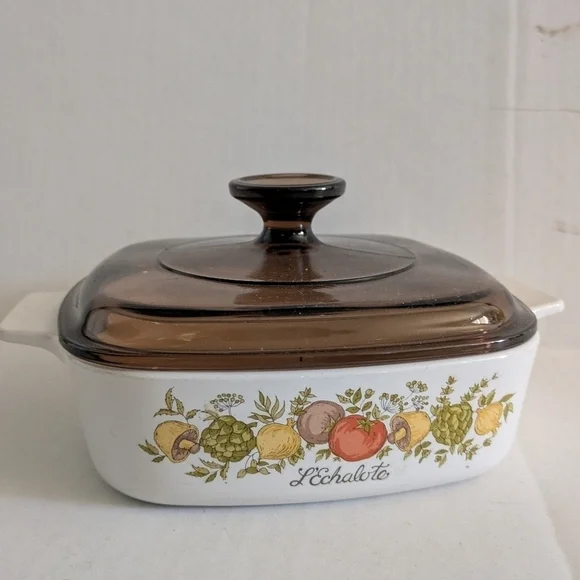 Vintage Corning Ware Spice of Life L'Echalote Casserole dish with lid.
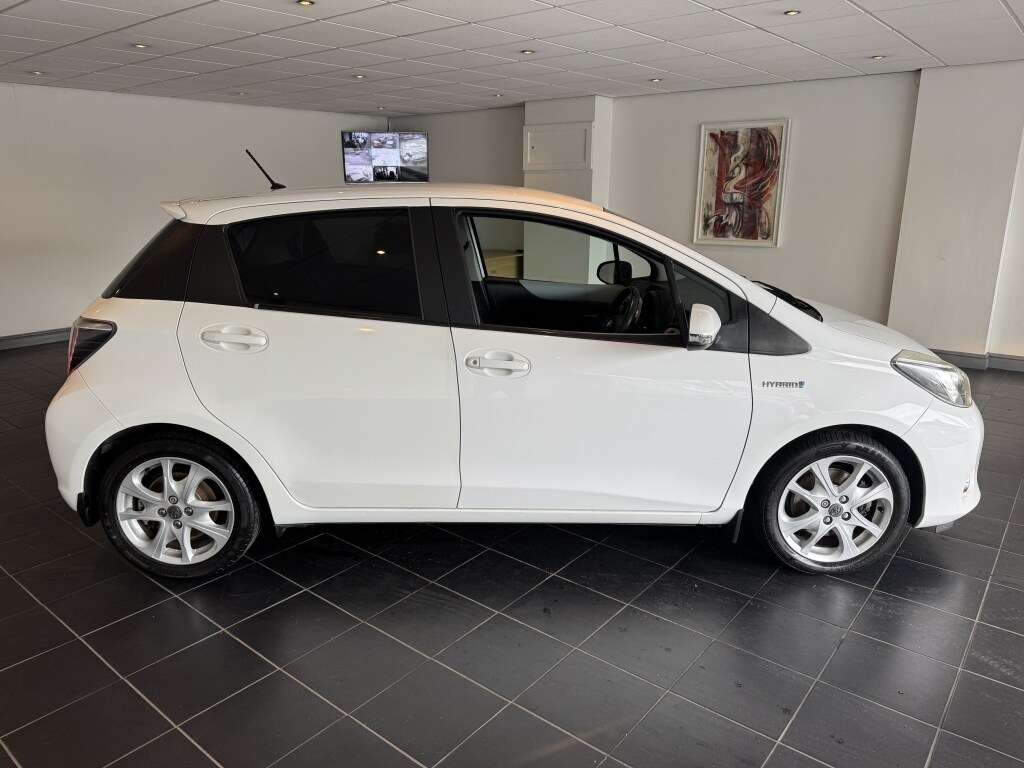 Used Toyota Yaris 2014 for sale - 75948738: Photo 8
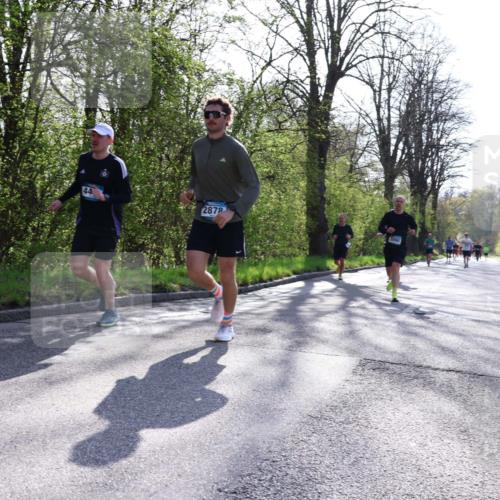 12.04.2026 - 45. Internationalen Wilhelmsburger Insellauf Yannick Fuchs http://msf.ph/oto/9486289 12.04.2026 10:30:04 Laufen 2878, 3090 meine-sportfotos.de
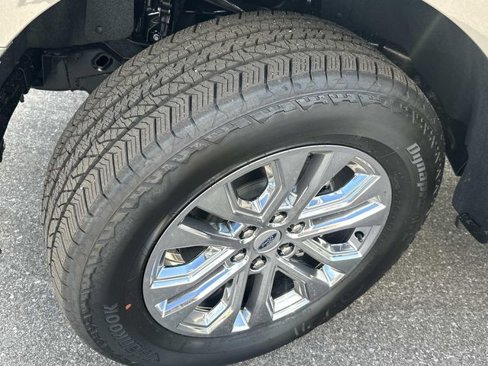 New 2025 Ford F150 Lariat image 16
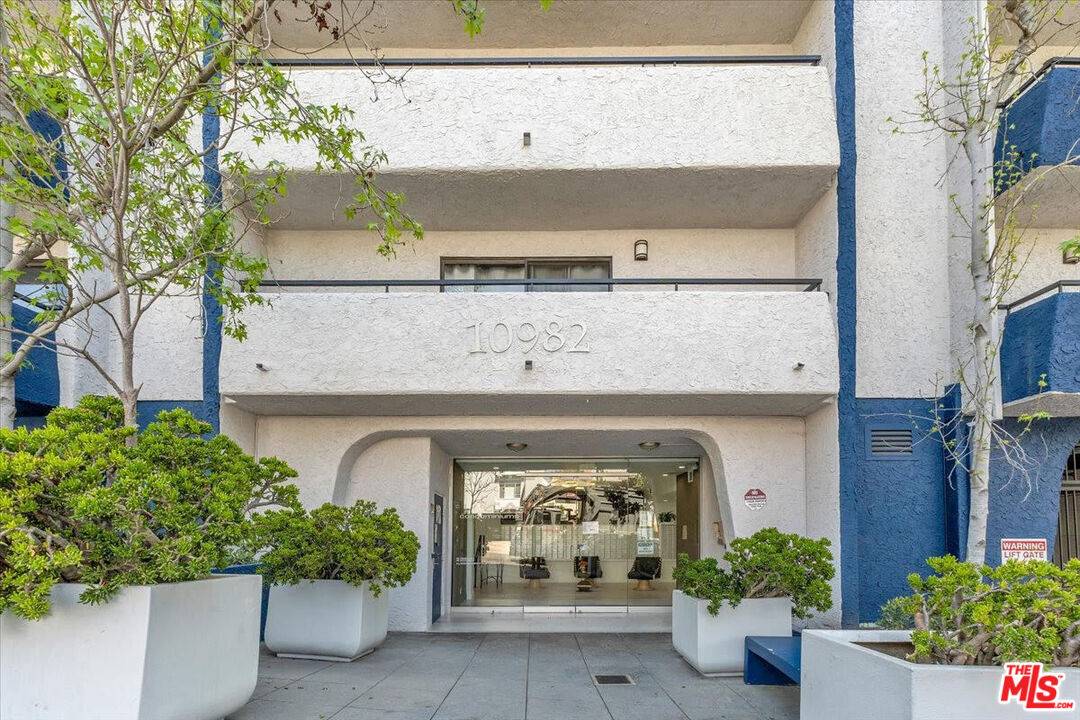 10982   Roebling Ave 1BR Westwood La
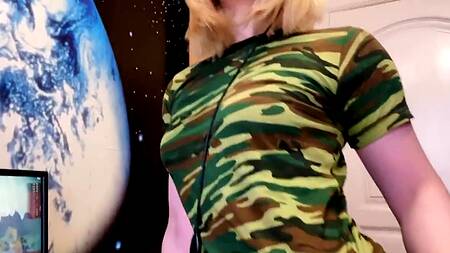 Геймерша увлекается не только игрой, но ещё и развратным сексом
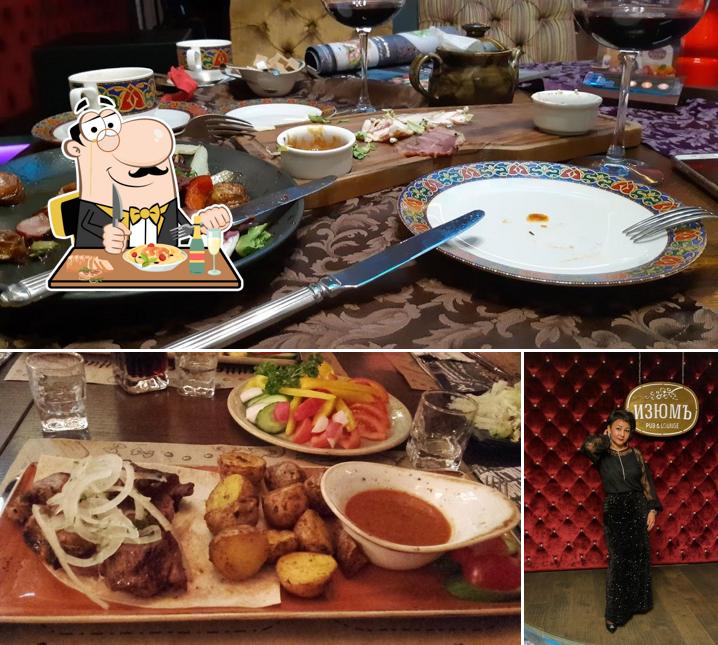 Еда в "Изюме"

Requirement = Return every entry word for word, but drop any pictures.

Expected output =
 Vintage Corning Ware Spice of Life L'Echalote Casserole dish with lid.
 Used Toyota Yaris 2014 for sale - 75948738: Photo 8
 12.04.2026 - 45. Internationalen Wilhelmsburger Insellauf Yannick Fuchs http://msf.ph/oto/9486289 12.04.2026 10:30:04 Laufen 2878, 3090 meine-sportfotos.de
 New 2025 Ford F150 Lariat image 16
 10982   Roebling Ave 1BR Westwood La
 Геймерша увлекается не только игрой, но ещё и развратным сексом
 Еда в "Изюме"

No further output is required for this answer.